Soon, the work of shaping the pahu drum would go into later hours of the night when it was cooler and much quieter than during the day. On one particular evening, my mother appeared in the driveway wearing her Kapiolani Bowl bowling shirt, with her Bermuda shorts and zori slippers. In her hand was a small pot of rice pudding. "Come take this so you can eat something at least!" She insisted.

"I'm fine, Ma," I replied. "I'm being fed as I work."

"How can when you using your two hands for a mallet and a chisel?" She squealed. "Put that down, and come take his rice pudding. You're father stay waiting at home for his meal, I have to go!"

"Hi'iaka is my personal deity, she feeds me with all I need," I answered.

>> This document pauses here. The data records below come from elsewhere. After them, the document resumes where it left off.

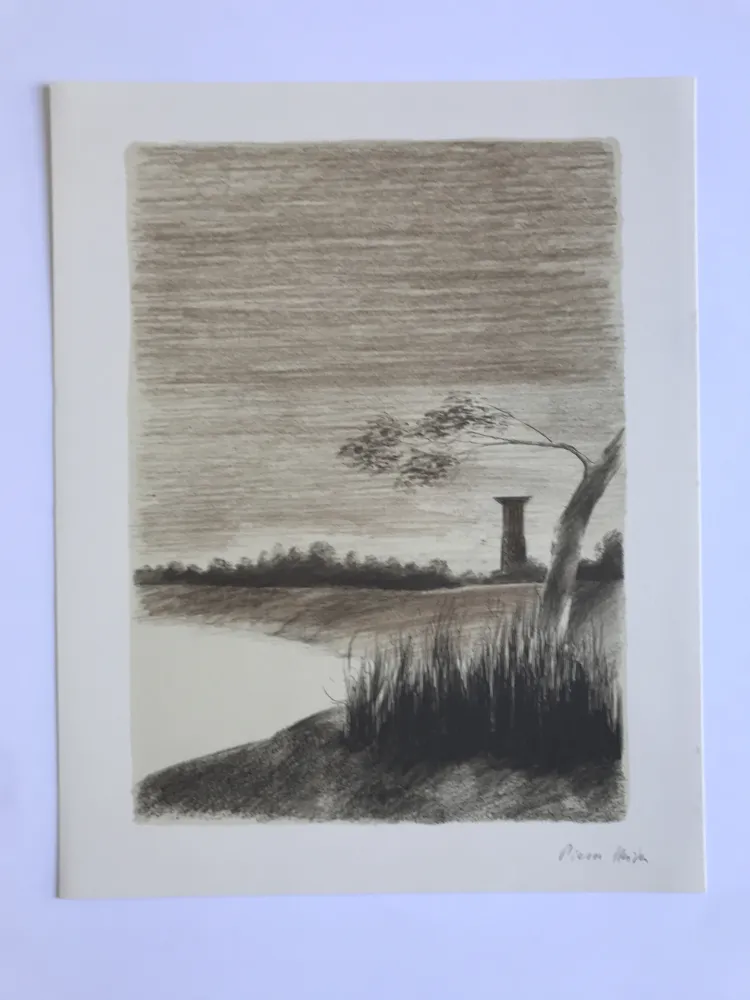 石版画 Skira - Un barrage avec château d'eau (L'Eau V)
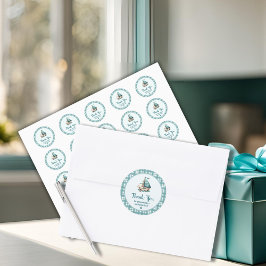 Adesivo Redondo "Querida" Náutica Obrigado, Vestido.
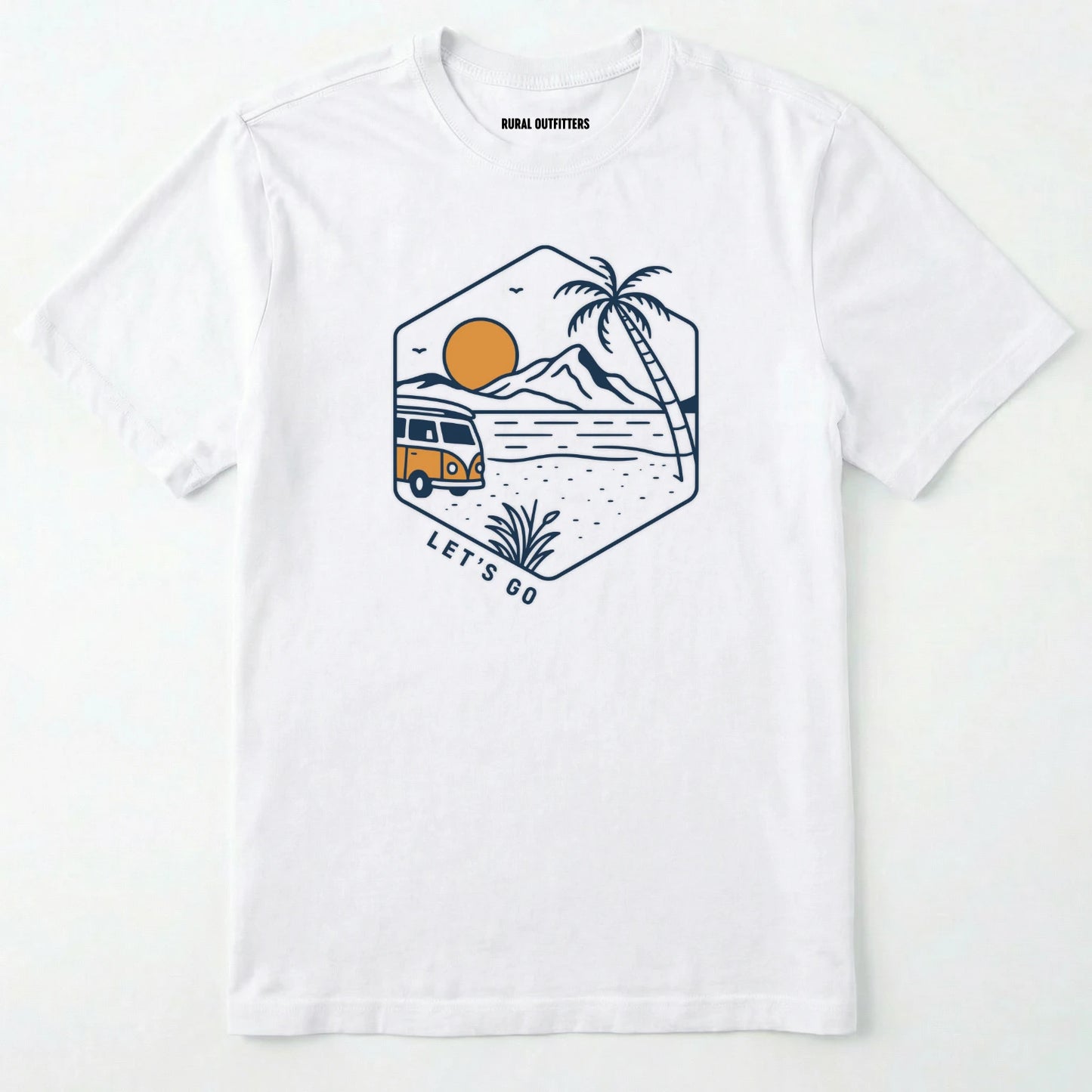 White let⊙s go t-shirt with retro camper van and sunset graphic, and green backpack on a white background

Taking a step forward, my mother raised the pot of rice pudding above her head. "I'm gonna hit you with this pot, I tell you! You'd better listen!"

"Kapō'ulakina'u is another deity of mine; she will strike you dead with prayers of death if you dare do anything," I said. 

My mother stormed off in a huff, fading out as she left. Many more visitations availed themselves to appear in my driveway. Each spirit wants to enter my sacred space while I'm making my pahu drum, or tries to distract me from it so that I would leave the kapu of my work. Nothing could shake my resolve to do so, and this is what people often fail to understand regarding hula. Physically and spiritually, hula is a sacred art at its core, and during times of hula kapu, physical and spiritual things will appear so that they can distract you from its purpose, so you don't achieve your goal. For me, that physical manifestation was the five people from Japan who were willing to pay any price and do anything to be a Kumu Hula. The spiritual aspect, where literal spirits manifest as respectful, curious, and trustworthy people in my driveway to trick me into letting them in or following them, ultimately failed. It's because I keep a kūahu or hula altar in my garage, and I know who my ancestral gods and goddesses are. I can't speak for other hula hālau, but this is how hula works for me.